Review of Power of Attorney


I’ve chosen to review Power of Attorney in Oaxaca, Mexico: Native People, Legal Culture, and Social Networks because I am interested in digital history/humanities projects that visually display social networks. Although I don’t study indigenous Mexican culture, mapping individuals in relation to each other and in relation to power structures (in this instance, the court system) connects to my interest in visualizing social networks, particularly among authors/intellectual communities and networks of distribution of their works and ideas.

Power of Attorney in Oaxaca, Mexico: Native People, Legal Culture, and Social Networks (https://www.powerofattorneynative.com/) is a mapping and visualization site which displays connections among “people, places, and courts created by a common legal procedure: the granting of power of attorney” during Spain’s colonization of Mexico (Power of Attorney). The project aims to “Contribute[s] to interdisciplinary scholarship that shows how native people interacted with the law across geographical expanses and differences of language and culture” (Power of Attorney). It is directed by Dr. Yanna Yannakakis, Associate Professor of History at Emory University, and its main contributors are librarians and specialists from Emory’s Center for Digital Scholarship.
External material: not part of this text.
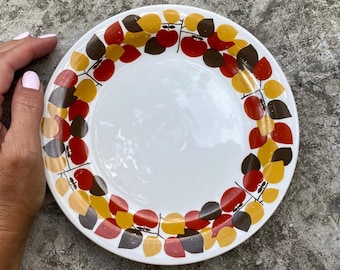 May include: A white ceramic plate with a brown, red and yellow leaf design around the rim.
Based on the thorough footnotes, the project appears to be grounded in relatively recent scholarship, with many citations from the last ten years. The site provides a great deal of historical context, a thorough methodological description, and a “Stories in the Maps” section which describes some of the more noteworthy narratives the mapping project reveals.

The extensive description and historical context on the site is understandable in light of its status as a scholarly, rather than public-facing, project (which I infer from above-mentioned quote from the homepage). But the heavy text-to-visual ratio makes interacting with the site feel at times like reading a textbook. This can also be attributed to its organizational scheme. While navigating the site is relatively intuitive, with the menu offering “about,” “power of attorney/power of letters,” and “maps” drop-down menus, finding and interpreting the maps themselves takes more digging than one would expect for a project that “constructs a geography” (Power of Attorney). The maps are the second to last menu option and interacting with the first map on the page requires downloading Google Earth and KMZs (which my computer was not able to run).
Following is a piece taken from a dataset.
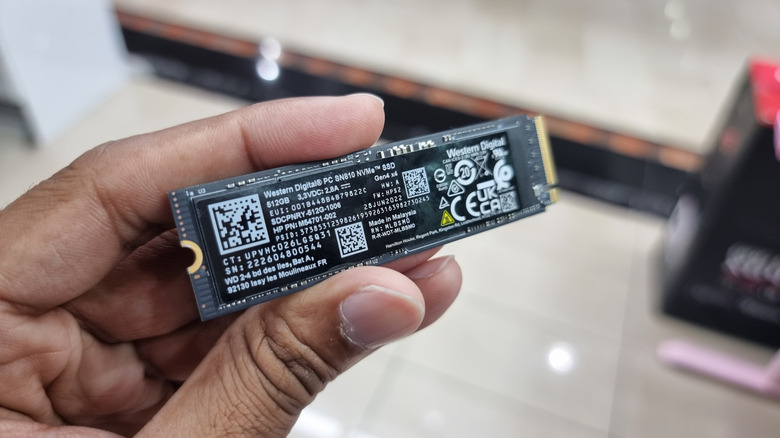 A hand holding a WD Black SSD NVMe drive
My assertion that reorganizing the information of the site would be useful is reinforced by the fact that other interactive maps are available near the bottom of the “maps” page and would be more effective if placed in a prominent location, such as the homepage. These interactive CartoDB maps are the most helpful of all the project’s maps (with the possible exception of the ones I couldn’t access) in understanding the spatial relationships between those guaranteeing the powers of attorney and those receiving them. The interactive maps also allow for zooming out far enough to understand that legal networks existed not only throughout Mexico but also between Mexico and Madrid, a helpful visual reminder of the impacts of colonization.
The “Stories of the Maps” page states that
The maps allow us to see each authorization of power of attorney as a web of relationships among people, places, and institutions in which patterns emerge and individual connections stand out.  In this regard, the maps are a tool as much as an end: they allow us to see data in a new way, and to ask questions that send us back to the archive to reconstruct the stories within the maps. (Power of Attorney)
This quote points to the strength of this project: a tool for those pursuing a deeper knowledge of history in this time and place. The site’s technical features do not seem to accomplish much that still frames in a textbook couldn’t also accomplish. The scholarship of the site is extremely thorough, and a great resource for understanding this chapter in Mexican history for those willing to do a bit of digging and a great deal of reading.